Our study showed that the frequency of cochlear endolymphatic hydrops in definite MD ears was 76–80%. This type of endolymphatic hydrops was more often detected by experienced observers (Rad 1 and 2) than by the observer in training (Oto). Our results can be compared with other studies based on the same MRI sequence—delayed post-contrast 3D-FLAIR. In Barath et al.’s [6] study, this type of hydrops was described in 86.9% of MD ears, van Steekelenburg et al. [21] reported the presence of CoEH in 85% of definite MD ears, and Pai et al. [30] recognized CoEH in 100% of MD ears. In authors that used other MRI sequences (most often three dimension inversion recovery sequence—3D-IR), the frequency of CoEH in MD patients was 90% in Shi et al. [33], while Ito et al. [28] reported this biomarker in 62% of MD ears, and Yoshida et al. [34] observed CoEH in 87% of MD ears. Suárez Vega et al. [27] compared 3D-FLAIR and 3D-IR and found CoEH in 75% of definite MD ears. In our study, in a group of ears without a diagnosis of MD, CoEH was rare, ranging from 4.5 to 6% for ears with Menieriform symptoms and 2.7–8.2% for asymptomatic contralateral ears in MD patients. Similar results were described by van Steekelenburg et al. [21]. They observed CoEH in 3.1% of ears with Menieriform symptoms and 2% of asymptomatic ears MD patients. Ito et al. [28] observed this in 6.3% of asymptomatic ears.
In our study, all the observers detected vestibular endolymphatic hydrops using the Barath scale in 74.7% of definite MD ears. Referring to other studies that used the 3D-FLAIR sequence, our results are similar to those reported by Paskoniene et al. [29], who revealed VEH in 76.4% of MD ears, and lower than results obtained in studies by Barath et al. [6] (92%), van Steekelenburg [21] (89%) and by Pai et al. [30] (86%). Similar results were obtained with other MRI sequences, as follows: Shi et al. [33] described VEH in 88% of MD ears, Ito et al. [28] in 66%, and Yoshida et al. [34] in 94%. Suárez Vega et al. [27] described VEH in 92% of MD ears. In our study, for ears with other symptoms that do not fulfil the criteria for MD but presented some symptoms, VEH was assessed only in 4.5%, and similarly in asymptomatic contralateral ears in 2.7%.
In our study, adding one grade to Barath’s classification of vestibular endolymphatic hydrops, as was described by Bernaerts, changed the frequency of VEH identification in definite MD ears to 81–83%, depending on the observer. However, this criterion changed the frequency of recognizing VEH in ears with Menieriform symptoms to 7.5% and 11% in asymptomatic ears. Consequently, the sensitivity increased, but the specificity decreased. Similarly, in Bernaerts et al.’s study [8], this feature increased the sensitivity of VEH from 79.5% to 85%, and in the study of Jasinska et al. [10], from 82% to 92%. It is worth emphasizing the extra low VEH in asymptomatic ears of six patients diagnosed with unilateral definite MD and two with sudden deafness. This finding might be explained by the fact that MD is often a bilateral disease with different onset in each ear, and dilation of the saccule might be an early sign of MD before symptoms appear [10,35,36].

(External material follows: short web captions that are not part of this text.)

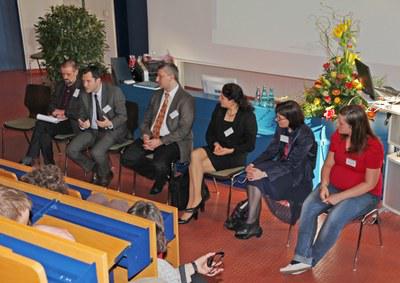 Podiumsdiskussion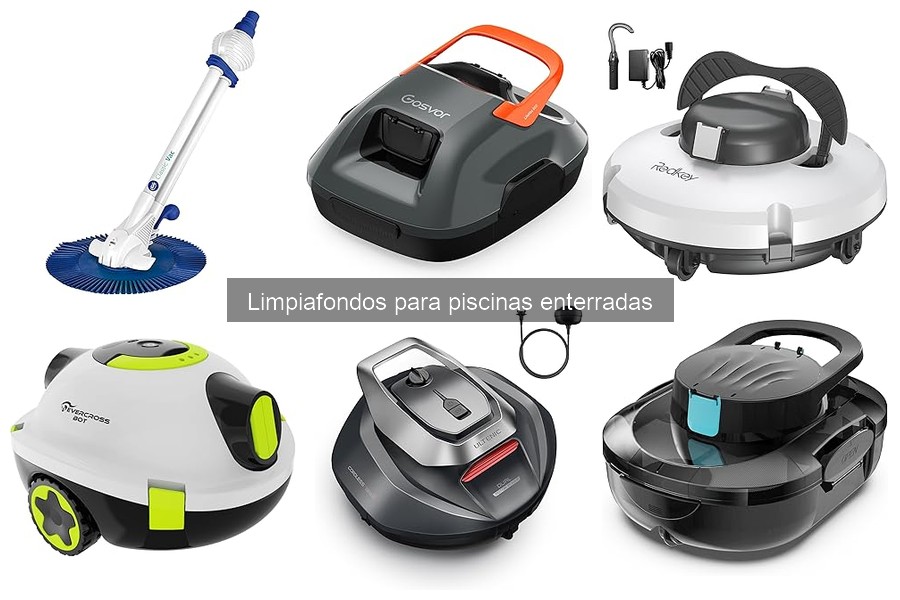 Mejores limpiafondos para piscinas enterradas en 2023
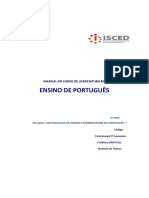 MANUAL DE METODOLOGIA DE ENSINO APRENDIZAGEM DO PORTUGUES 1 revisto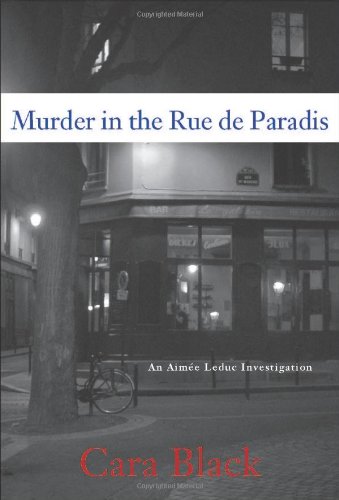Murder in the Rue De Paradis Cover
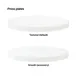 Jaccard KTALP022.1 ™ Press Plate, smooth 1 image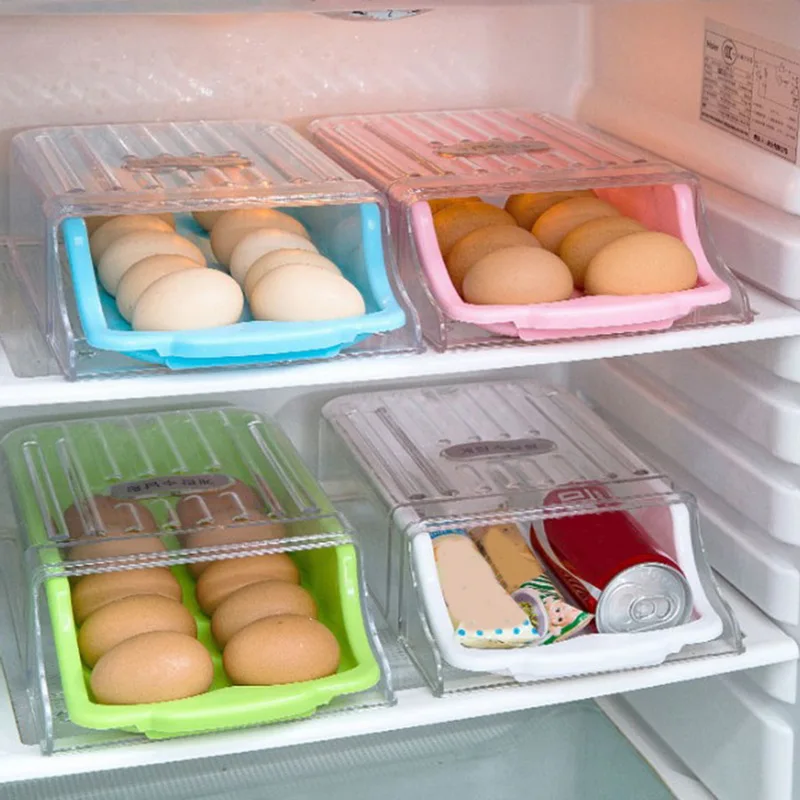 Кухонные инструменты, портативный органайзер для дикого пикника, органайзер для яиц, пластиковый контейнер для яиц, чехол для холодильника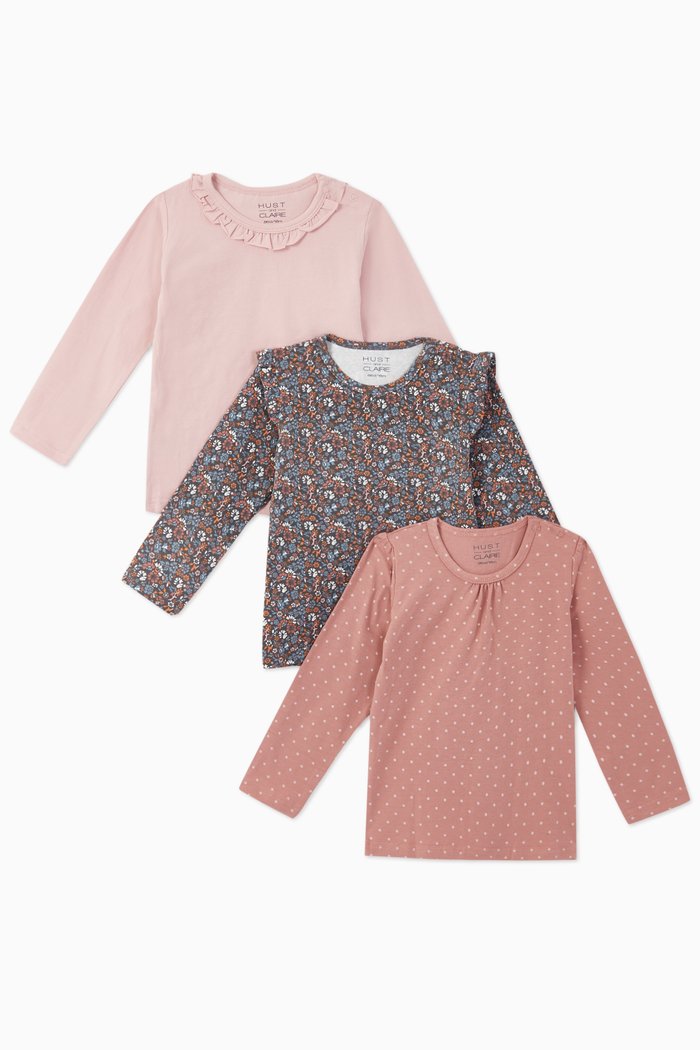 

Alda T-Shirt, Set of 3, Pink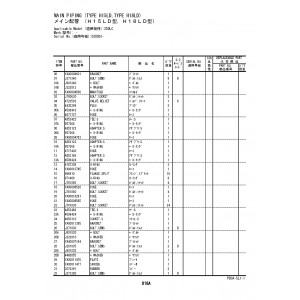 Hitachi Zaxis 250LC-5B and Zaxis 250LCN-5B Crawler Excavator set of Parts Catalogs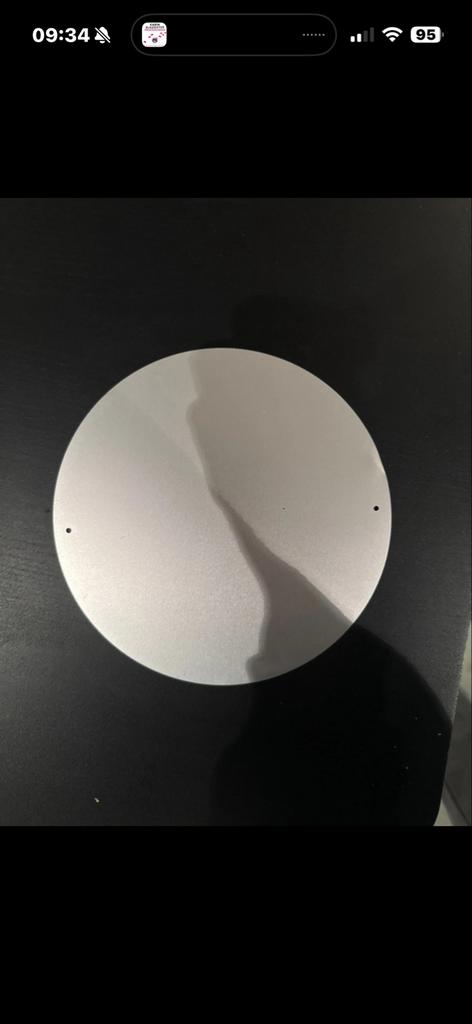 Muurplaatje van coffee bar, Ophalen of Verzenden, Nieuw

In the literature, increased perilymphatic enhancement of the inner ear structures as a sign of blood–perilymph barrier impairment was described as the next probable biomarker of MD [6,8,21,22,37,38,39]. Our study observed it in 59–63% of definite MD patients, in the group of ears with other symptoms in 13%, and only 2.7% in asymptomatic ears. In Bernaerts et al.’s [8] study, 67.9% of MD patients had increased PE on the affected side. Van Steekelenburg et al. [21] observed increased PE in 82.6% of MD, 9.4% of Menieriform symptoms, and 3.4% of asymptomatic ears. However, this parameter should probably be combined with the EH because it may also be present in other ear diseases, such as sudden sensorineural hearing loss or vestibular neuritis [21,40].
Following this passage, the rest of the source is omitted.